By any means necessary
The season started with Jack Bauer testifying as part of a Senate investigation into torture. It doesn’t get much more “ripped from the headlines” than that. There’s something snake-tail-eating about it, too — evidence shows early seasons of 24 encouraged soldiers and others who had not tortured previously to do so. Of course, that’s hardly the show’s fault: It is not a TV show’s responsibility to enforce military discipline and conduct. But at any rate, here was Jack Bauer, answering for his crimes — honestly and unapologetically. It was a strong opening.
And the rest of the season didn’t shy away from it. Doe-eyed FBI “Strong Woman” Renee Walker not-that-gradually turned from shocked, “shocked” at Bauer’s methods in action to practicing them herself, because there appeared to be no other options.
Here’s the thing — Jack Bauer tortures people, but Jack Bauer is the hero of the show. Why?
As far back as the Minutemen, Americans have held onto variations on the values of Cincinnatus. When all is well, Americans are a compassionate, peaceful, hardworking citizenry. Generally unconcerned with their neighbors’ affairs, we value liberty and prefer to live and let live.

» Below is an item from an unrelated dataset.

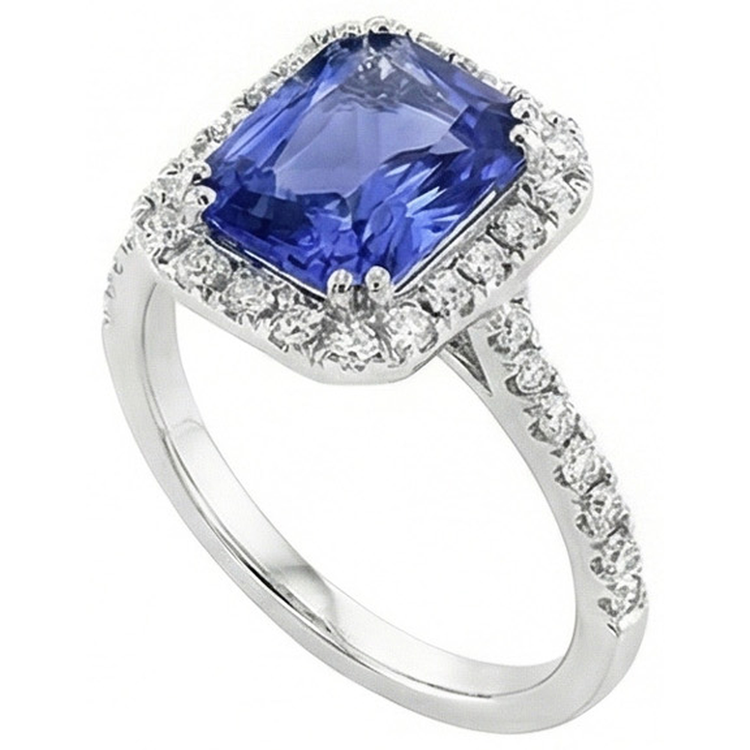 naturel round saphir 3.50carats bague détail rapproché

But when duty calls — when extreme necessity or an evil, aggressive act is perpetrated, certain Americans in particular and the country as a whole rise up to do whatever is necessary, then — peaceably and with self-restraint — let things return to normal without seizing undue or corrupting power.
George Washington was the original American Cincinnatus — a humble, soft-spoken farmer who served as a great general in war and stepped aside and gave back power in peacetime.

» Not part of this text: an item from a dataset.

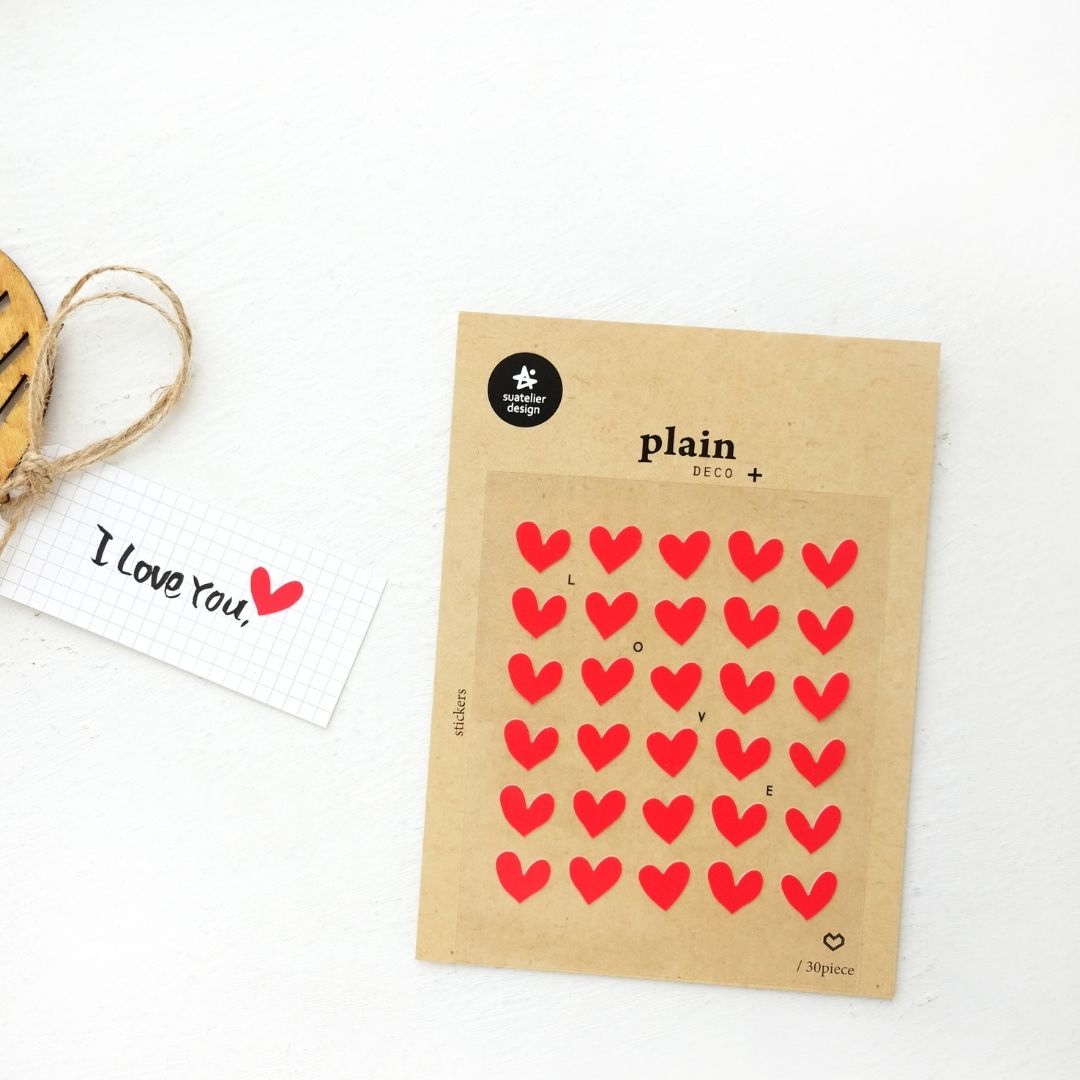 04 Red Cotton Hearts Suatelier Stickers - Plain - Suatelier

Most American heroes, real or fictional, are shaped from this mold: Superman, Spider-Man, Captain Marvel, Professor X, Indiana Jones, John Henry, Luke Skywalker, John McClain, Joe DiMaggio, Ted Williams, Sgt. York, Florence Nightingale, Hawkeye, Rand Al’Thor, Buffy the Vampire Slayer, the Men in Black, Henry Roengartner, Doughboy, Rocky, Daniel LaRusso, Bill S. Preston, Esq., Lassie, Ted “Theodore” Logan, Sue Ellen Crandall, Captain Kirk, the list goes on and on and on.

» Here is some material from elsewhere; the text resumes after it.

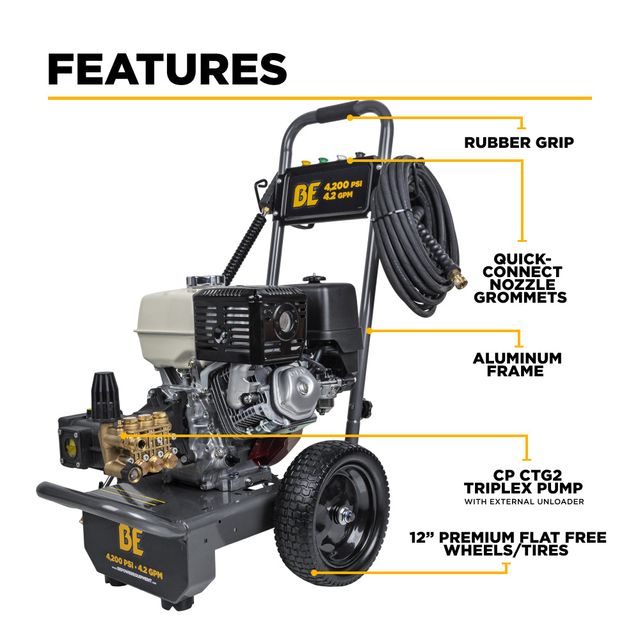 4,200 PSI 4.2 GPM Cold Water Pressure Washer, AR Pump - B4213HA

All these characters do extreme things that would not be permissible under normal circumstances. And they all get forgiven for it, morally if not legally, because they don’t do it under normal circumstances, and because they are reluctant to boss everybody around after it is over.
These characters benefit from a certain amount of moral luck. Americans have historically taken it on faith that it was certain things good Americans just don’t do: murder innocent people is one of them, torture prisoners is another. Thus, our stories don’t tend to include a lot of instances where this sort of things happen — so a character can be shown to have very little restraint in what he or she is doing, but actually exhibit restraint in certain specific matters just because of the tastes of the audience, which, around when 24 came out, were changing a little bit.
These sorts of heroes are routinely called upon to do whatever is necessary, but the story is usually crafted in such a way that torturing or murdering people is almost never necessary, so they never have to make that decision. When it does happen, it’s usually quickly dismissed by the audience as extraneous, a side story, not defining to the character. But it’s the author and audience that set this up — they help the character avoid the difficult points in his or her own morality.
Does that make them better people, that they rarely confront the option, or that they are not held accountable for it? Does Rocky think a lot about the people whose brains he’s damaged? What would Indiana Jones do if he walked in on Marcus Brody interrogating a Nazi with a hot branding iron?
Well, he’d stop it.
Fair enough, but he never does — and he would probably be rewarded in some way for doing it if he did, because it would be unacceptable for him to hold anything back in his mission unless it led to a net positive.